→ **Task statement**
Print the lines in the listing below starting at the line with "this 450×320 image." and ending at the line with "this 720×540 image.", both included. Reproduce them exactly and omit every picture.

→ **Source data**
☆ ☆ ☆ ☆ ☆ ☆ ☆

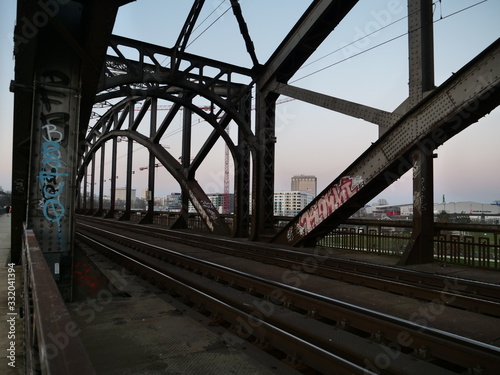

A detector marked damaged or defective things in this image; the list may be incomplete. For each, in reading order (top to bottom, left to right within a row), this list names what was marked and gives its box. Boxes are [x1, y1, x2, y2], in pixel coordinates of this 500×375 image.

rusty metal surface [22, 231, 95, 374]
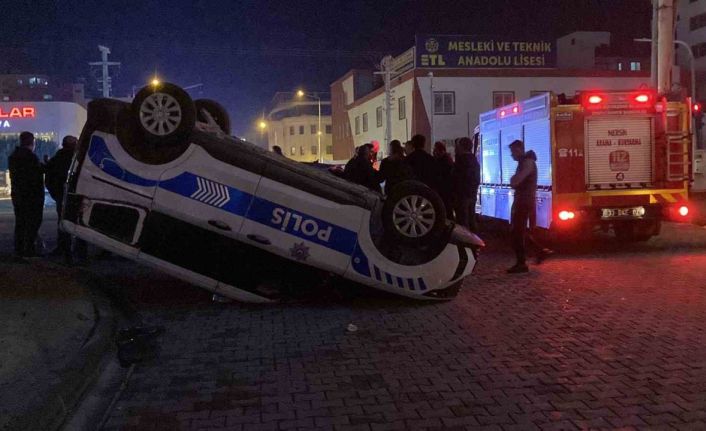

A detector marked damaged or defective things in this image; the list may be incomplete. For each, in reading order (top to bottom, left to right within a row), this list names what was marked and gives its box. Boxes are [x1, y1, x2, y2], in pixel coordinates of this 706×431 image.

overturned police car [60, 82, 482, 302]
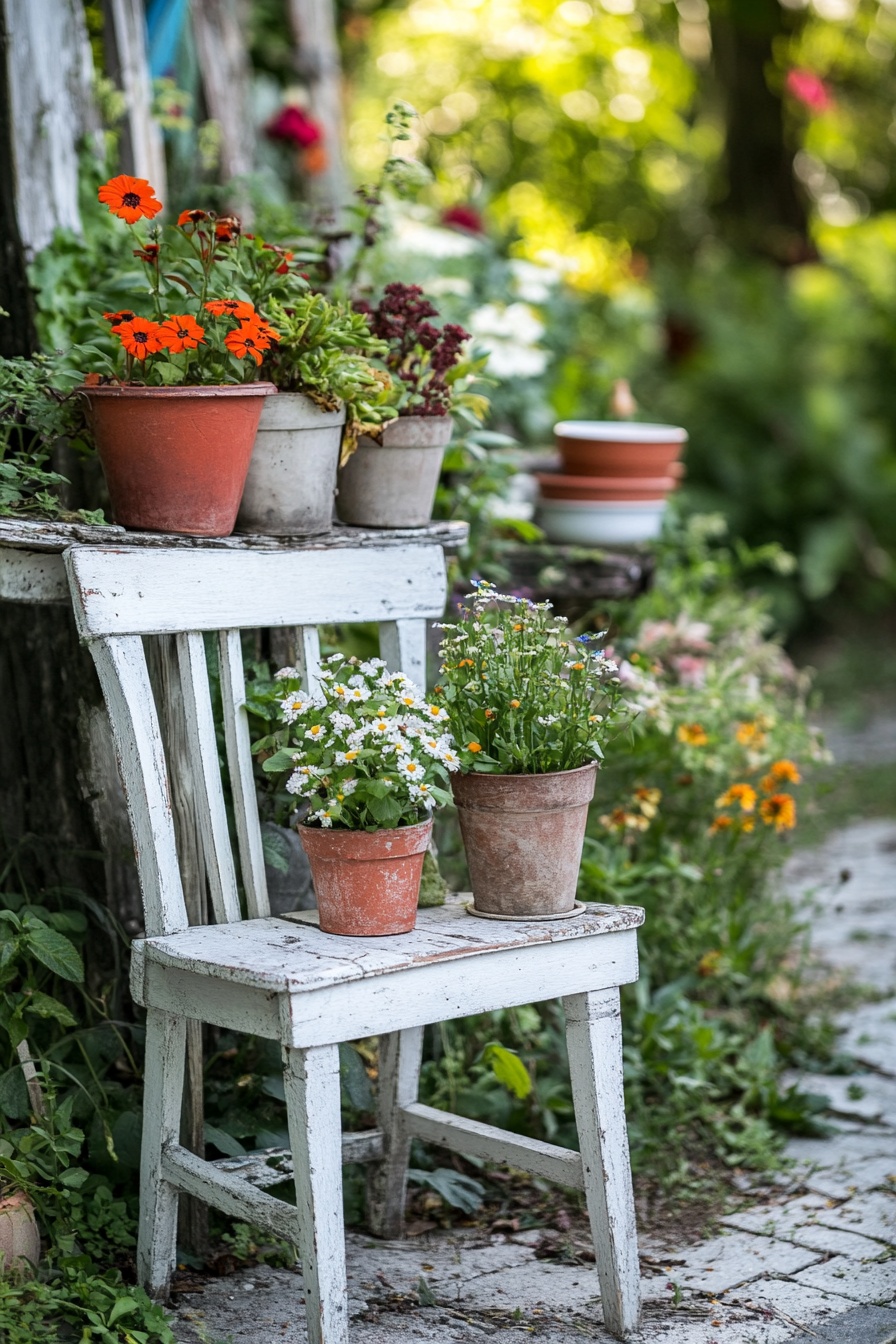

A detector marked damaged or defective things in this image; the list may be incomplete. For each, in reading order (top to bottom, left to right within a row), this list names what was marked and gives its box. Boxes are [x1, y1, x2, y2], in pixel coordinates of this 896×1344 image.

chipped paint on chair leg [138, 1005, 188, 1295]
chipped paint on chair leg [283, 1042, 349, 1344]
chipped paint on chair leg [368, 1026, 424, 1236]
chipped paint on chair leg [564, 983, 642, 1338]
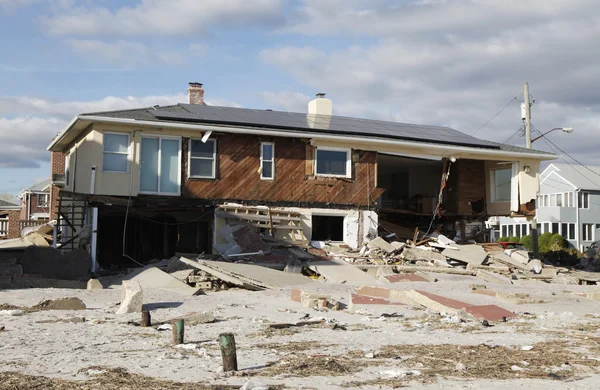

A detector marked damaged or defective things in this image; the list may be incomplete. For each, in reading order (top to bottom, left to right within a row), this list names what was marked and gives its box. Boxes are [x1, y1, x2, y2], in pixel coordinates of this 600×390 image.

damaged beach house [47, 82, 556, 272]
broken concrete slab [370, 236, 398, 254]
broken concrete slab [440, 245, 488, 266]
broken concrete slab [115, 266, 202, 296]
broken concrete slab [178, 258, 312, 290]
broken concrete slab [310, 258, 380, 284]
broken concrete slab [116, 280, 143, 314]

☆ ☆ ☆ ☆ ☆ ☆ ☆

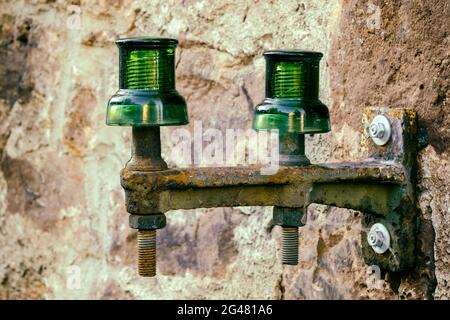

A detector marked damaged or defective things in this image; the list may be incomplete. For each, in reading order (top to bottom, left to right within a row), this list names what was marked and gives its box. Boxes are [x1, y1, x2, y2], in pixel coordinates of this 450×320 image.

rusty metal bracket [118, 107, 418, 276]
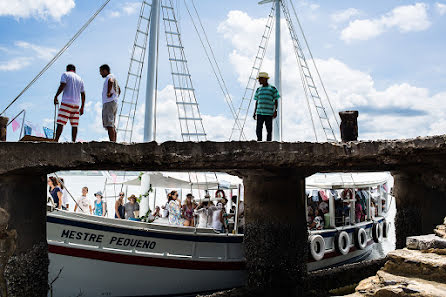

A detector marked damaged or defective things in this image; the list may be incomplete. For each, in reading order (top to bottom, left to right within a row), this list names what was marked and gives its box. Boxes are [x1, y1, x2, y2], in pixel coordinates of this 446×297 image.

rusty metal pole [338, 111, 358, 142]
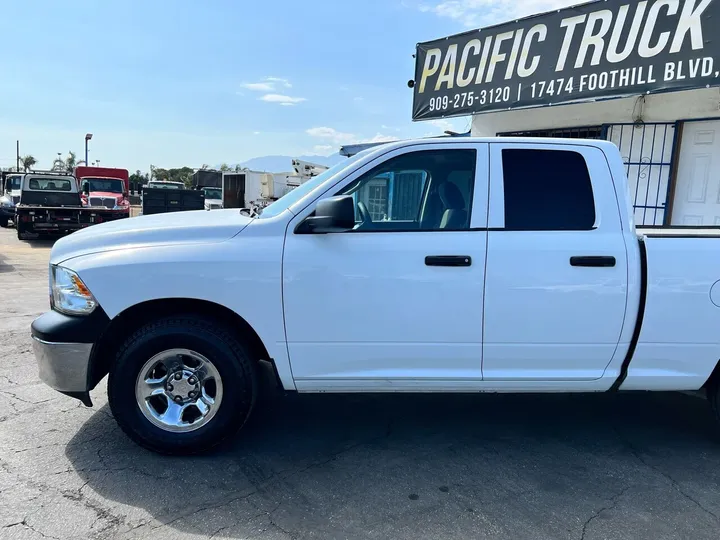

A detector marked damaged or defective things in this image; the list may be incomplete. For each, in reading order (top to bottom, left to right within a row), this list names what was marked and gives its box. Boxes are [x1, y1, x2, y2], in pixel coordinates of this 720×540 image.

☆ ☆ ☆ ☆ ☆ ☆ ☆

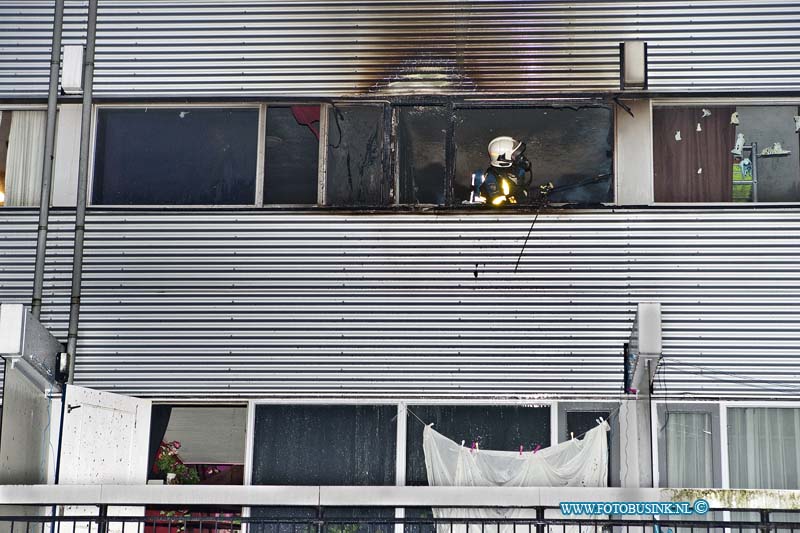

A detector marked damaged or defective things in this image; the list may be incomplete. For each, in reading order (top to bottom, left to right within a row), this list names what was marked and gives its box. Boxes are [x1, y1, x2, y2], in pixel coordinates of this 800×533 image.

☆ ☆ ☆ ☆ ☆ ☆ ☆

→ **Completed task**
A detector marked damaged or defective things in this image; the list may be incomplete. For each, in reading order (top to bottom, left to right within a row), this list names what was marked and gives its box. Boxes are [x1, y1, x2, y2], in pixel coordinates of this 450×320 image.

rusty metal bracket [118, 107, 418, 276]

A detector marked damaged or defective things in this image; the list may be incomplete. For each, in reading order (top to bottom, left to right within a row), this list names what was marked and gives its box. Boxes are [x1, y1, x2, y2], in pixel coordinates of this 446×297 image.

rusty metal pole [338, 111, 358, 142]

A detector marked damaged or defective things in this image; the list may be incomplete. For each, in reading order (top to bottom, left to right within a row), this list names what was marked and gives its box. Boxes are [x1, y1, x2, y2], in pixel coordinates of this 720×540 image.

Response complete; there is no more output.